Question

Determine the initial concentration of hypochlorous acid that would result in a solution with a pH of 3.2Ka = 3.0 x 10^-8

Answer 1

To answer this question, we will need to use an ICE table.

So, we start with the concentration we want to calculate, [HClO].

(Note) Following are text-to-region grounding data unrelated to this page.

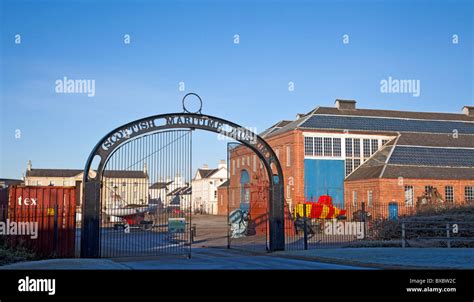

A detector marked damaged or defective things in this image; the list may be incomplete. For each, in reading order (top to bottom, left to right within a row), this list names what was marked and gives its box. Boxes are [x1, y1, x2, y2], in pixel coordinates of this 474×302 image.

rusty shipping container [5, 186, 78, 258]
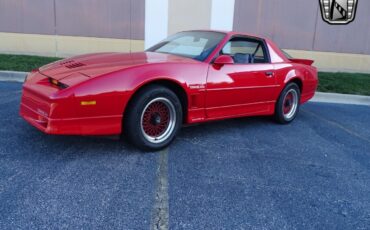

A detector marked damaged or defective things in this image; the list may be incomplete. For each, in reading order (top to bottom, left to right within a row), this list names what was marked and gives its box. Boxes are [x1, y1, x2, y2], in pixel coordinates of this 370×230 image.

pavement crack [151, 147, 170, 230]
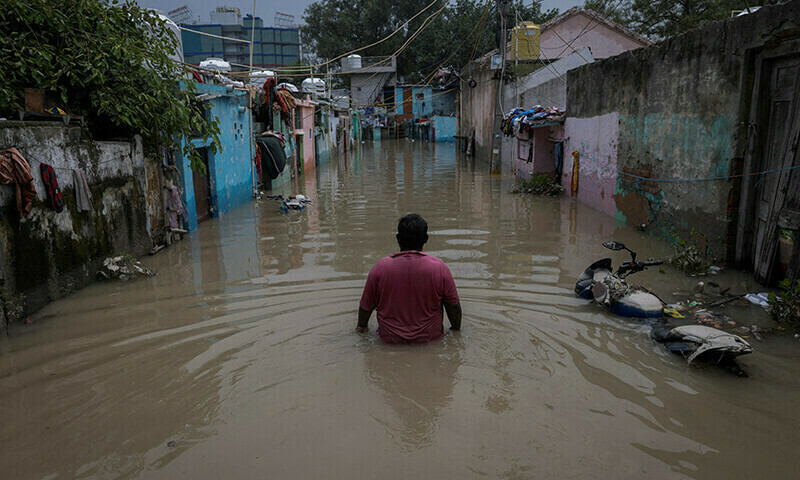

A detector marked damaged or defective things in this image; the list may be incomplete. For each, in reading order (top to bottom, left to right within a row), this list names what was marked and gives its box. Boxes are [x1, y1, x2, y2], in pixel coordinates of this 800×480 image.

peeling plaster wall [0, 122, 152, 314]
peeling plaster wall [564, 2, 800, 258]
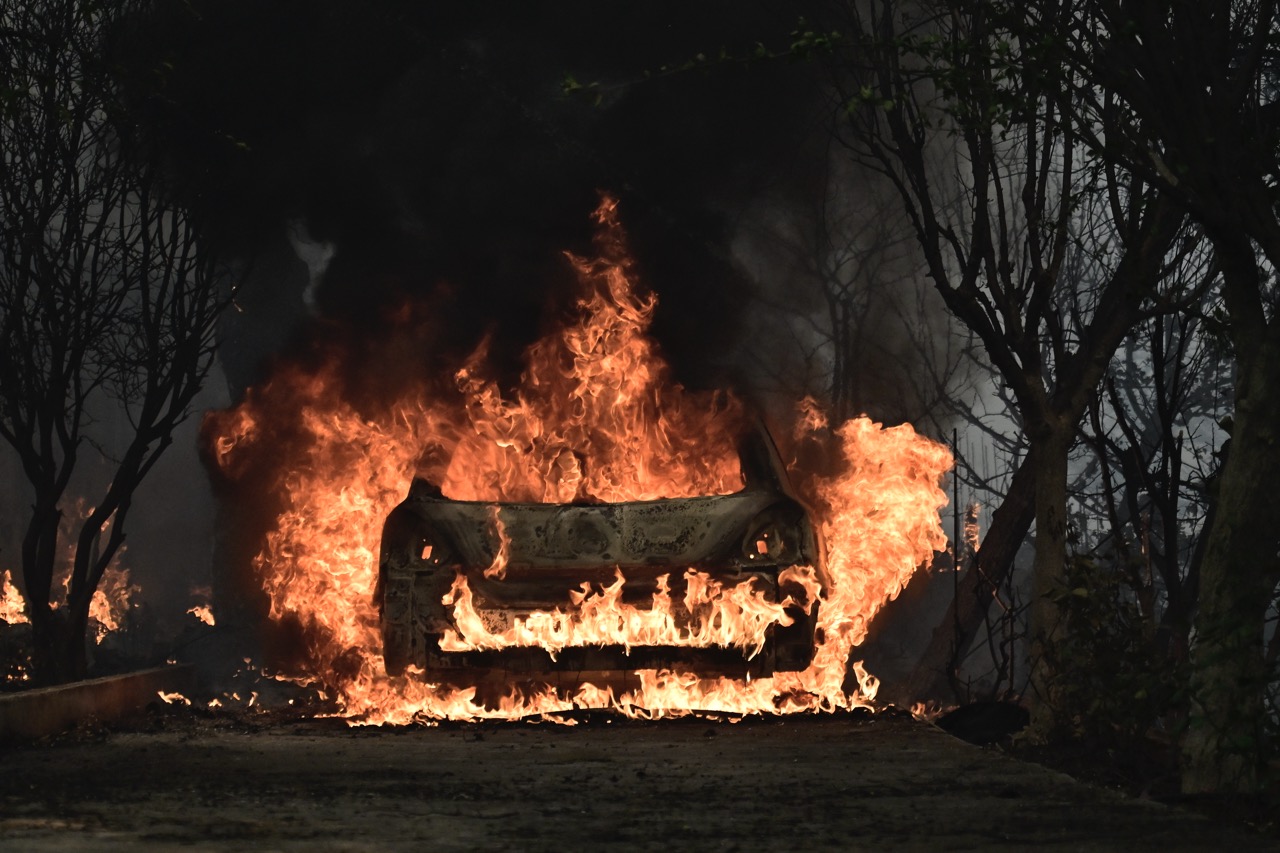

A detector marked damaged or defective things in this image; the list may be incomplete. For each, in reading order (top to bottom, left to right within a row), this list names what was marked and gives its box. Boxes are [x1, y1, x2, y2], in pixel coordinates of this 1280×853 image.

destroyed vehicle [376, 424, 824, 680]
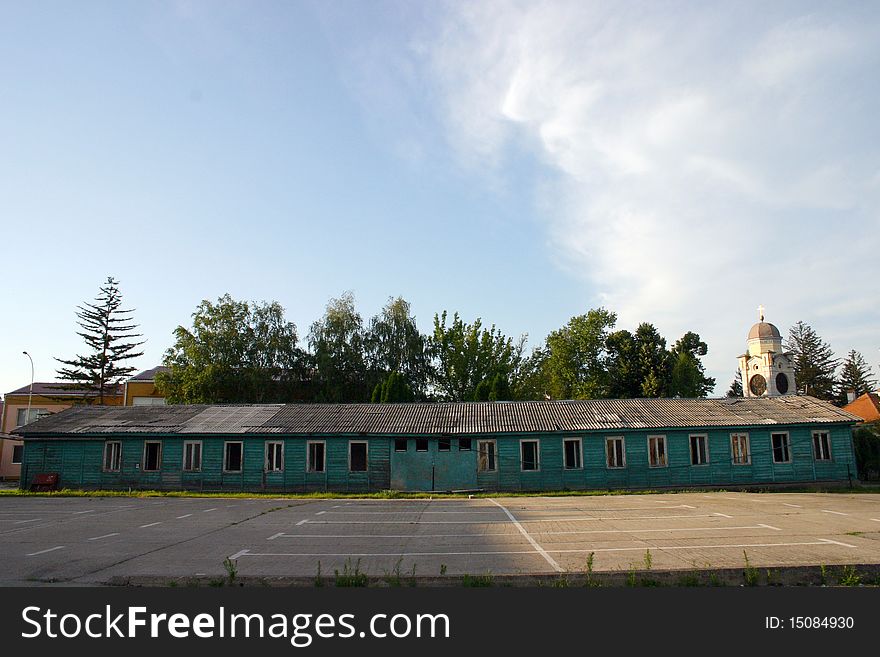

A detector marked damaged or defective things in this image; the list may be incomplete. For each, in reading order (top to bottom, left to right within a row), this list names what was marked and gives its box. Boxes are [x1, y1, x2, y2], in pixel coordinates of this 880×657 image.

broken window [103, 440, 122, 472]
broken window [143, 440, 162, 472]
broken window [183, 440, 202, 472]
broken window [225, 440, 242, 472]
broken window [266, 440, 284, 472]
broken window [308, 440, 324, 472]
broken window [348, 440, 366, 472]
broken window [478, 440, 498, 472]
broken window [520, 440, 540, 472]
broken window [564, 438, 584, 468]
broken window [604, 436, 624, 466]
broken window [648, 436, 668, 466]
broken window [688, 436, 708, 466]
broken window [728, 434, 748, 464]
broken window [772, 434, 796, 464]
broken window [812, 430, 832, 462]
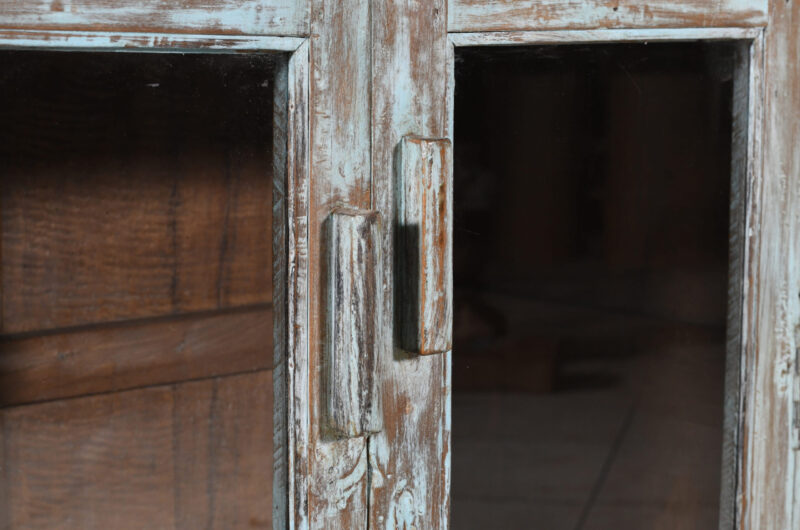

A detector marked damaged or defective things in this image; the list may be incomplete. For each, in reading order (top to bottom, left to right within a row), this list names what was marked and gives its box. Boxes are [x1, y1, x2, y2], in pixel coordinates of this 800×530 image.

chipped white paint [0, 28, 304, 51]
chipped white paint [0, 0, 308, 37]
chipped white paint [446, 0, 764, 33]
chipped white paint [450, 26, 764, 46]
chipped white paint [396, 135, 454, 354]
chipped white paint [328, 208, 384, 436]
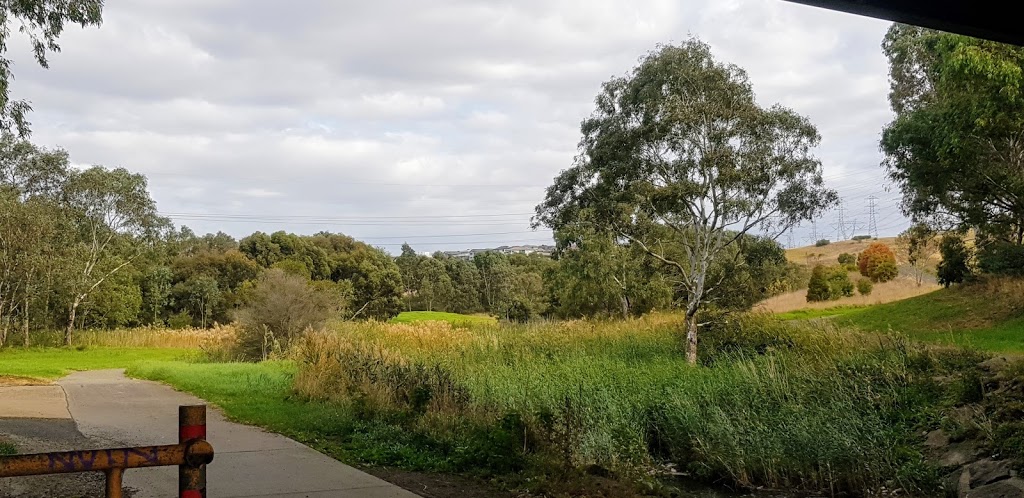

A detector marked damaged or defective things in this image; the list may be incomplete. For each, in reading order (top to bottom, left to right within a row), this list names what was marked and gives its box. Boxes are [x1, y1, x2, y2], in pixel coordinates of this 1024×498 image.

rusty metal railing [0, 402, 212, 496]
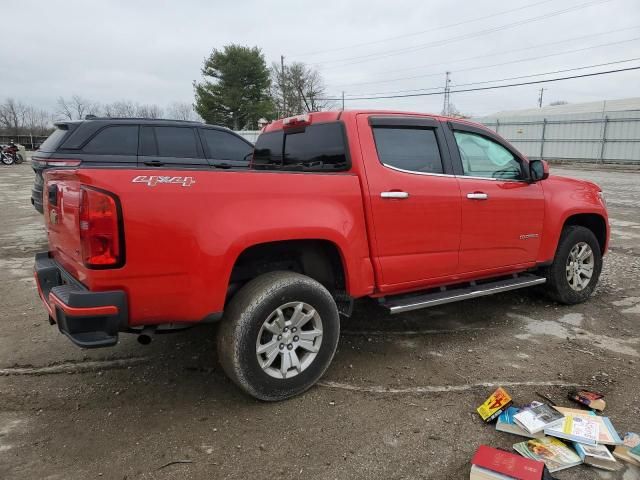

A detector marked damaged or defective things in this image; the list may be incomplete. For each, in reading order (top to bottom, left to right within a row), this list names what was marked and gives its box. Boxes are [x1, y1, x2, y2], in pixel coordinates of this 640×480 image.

cracked asphalt [0, 162, 636, 480]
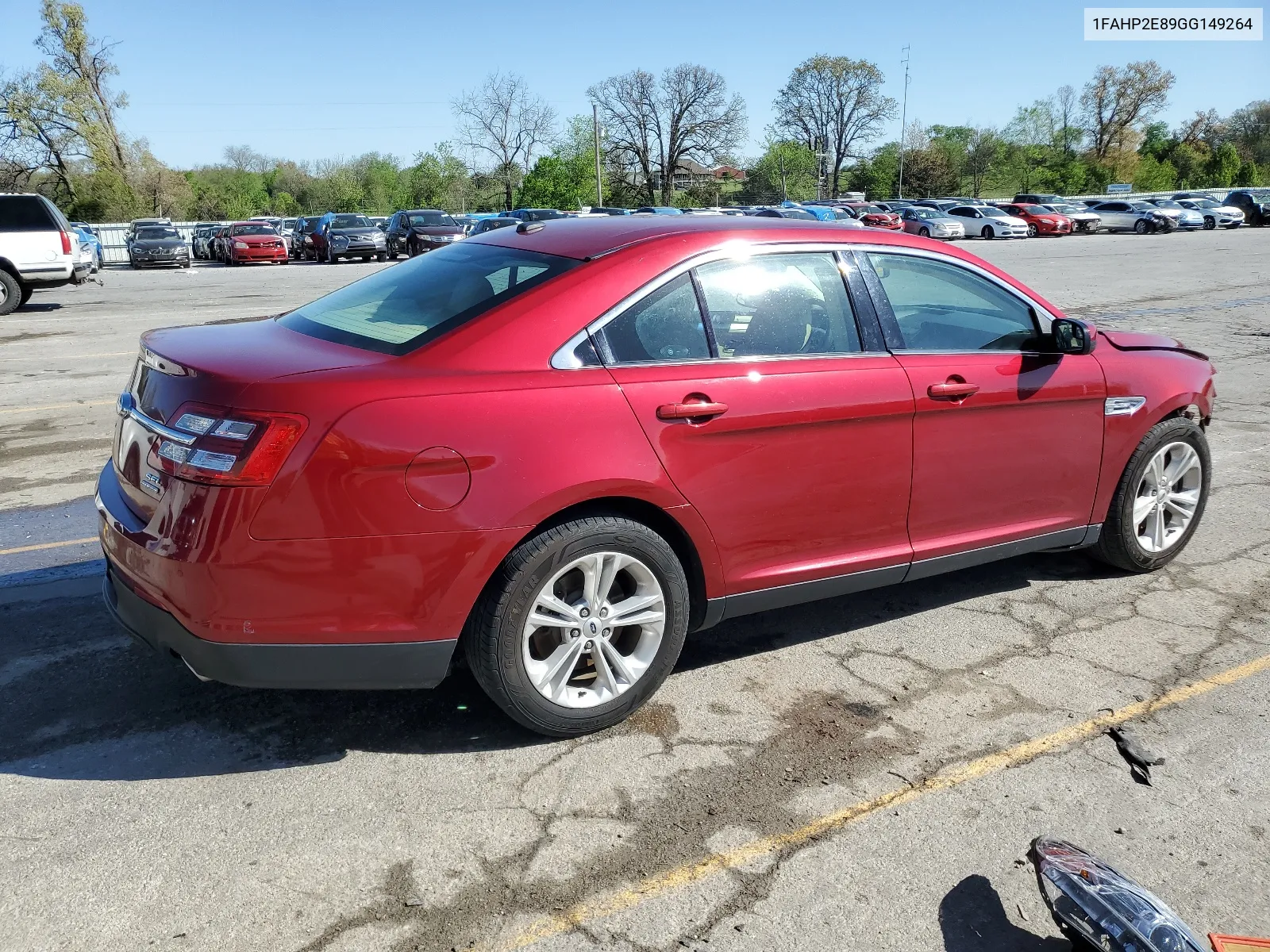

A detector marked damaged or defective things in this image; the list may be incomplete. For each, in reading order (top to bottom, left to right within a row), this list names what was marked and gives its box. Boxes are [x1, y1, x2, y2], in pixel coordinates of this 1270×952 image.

cracked asphalt [2, 233, 1270, 952]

The dissociation equilibrium is:

`HClO\rightleftarrows H^++ClO^-`

At start, we only have HClO, so the first row of the table is:

HClO | H⁺ | ClO⁻

[HClO]i | 0 | 0

Now, suppose x dissociates at the equilibrium, so we would have:

HClO | H⁺ | ClO⁻

[HClO]i | 0 | 0

[HClO]i - x | x | x

Since the concentration of H⁺ will be x, we can calculate it by using the given pH:

`\begin{gathered} pH=-\log \lbrack H^+\rbrack \\ x=\lbrack H^+\rbrack=10^(-pH)=10^(-3.2)\approx6.30957*10^(-4)M \end{gathered}`

Now, we can figure the initial concentration of HClO by using the equilibrium equation:

`Ka=(\lbrack H^+\rbrack\lbrack ClO^-\rbrack)/(\lbrack HClO\rbrack)`

From the ICE table, we have:

`\begin{gathered} \lbrack H^+\rbrack=x\approx6.30957*10^(-4)M \\ \lbrack ClO^-\rbrack=x\approx6.30957*10^(-4)M \\ \lbrack HClO\rbrack=\lbrack HClO\rbrack_i-x=\lbrack HClO\rbrack_i-6.30957*10^(-4)M \end{gathered}`

Thus:

`3.0*10^(-8)=(6.30957*10^(-4)M\cdot6.30957*10^(-4)M)/(\lbrack HClO\rbrack_i-6.30957*10^(-4)M)`

Now, we can solve for [HClO]i:

`\begin{gathered} 3.0*10^(-8)=(6.30957*10^(-4)M\cdot6.30957*10^(-4)M)/(\lbrack HClO\rbrack_i-6.30957*10^(-4)M) \\ 3.0*10^(-8)(\lbrack HClO\rbrack_i-6.30957*10^(-4)M)=3.98107*10^(-7)M \\ 3.0*10^(-8)\lbrack HClO\rbrack_i-1.89287*10^(-11)=3.98107*10^(-7)M \\ 3.0*10^(-8)\lbrack HClO\rbrack_i=3.98107*10^(-7)M+1.89287*10^(-11)M \\ 3.0*10^(-8)\lbrack HClO\rbrack_i=3.98126*10^(-7)M \\ \lbrack HClO\rbrack_i=(3.98126*10^(-7)M)/(3.0*10^(-8)) \\ \lbrack HClO\rbrack_i\approx0.1327M \end{gathered}`

Thus, the initial concentration is approximately 0.1327 M.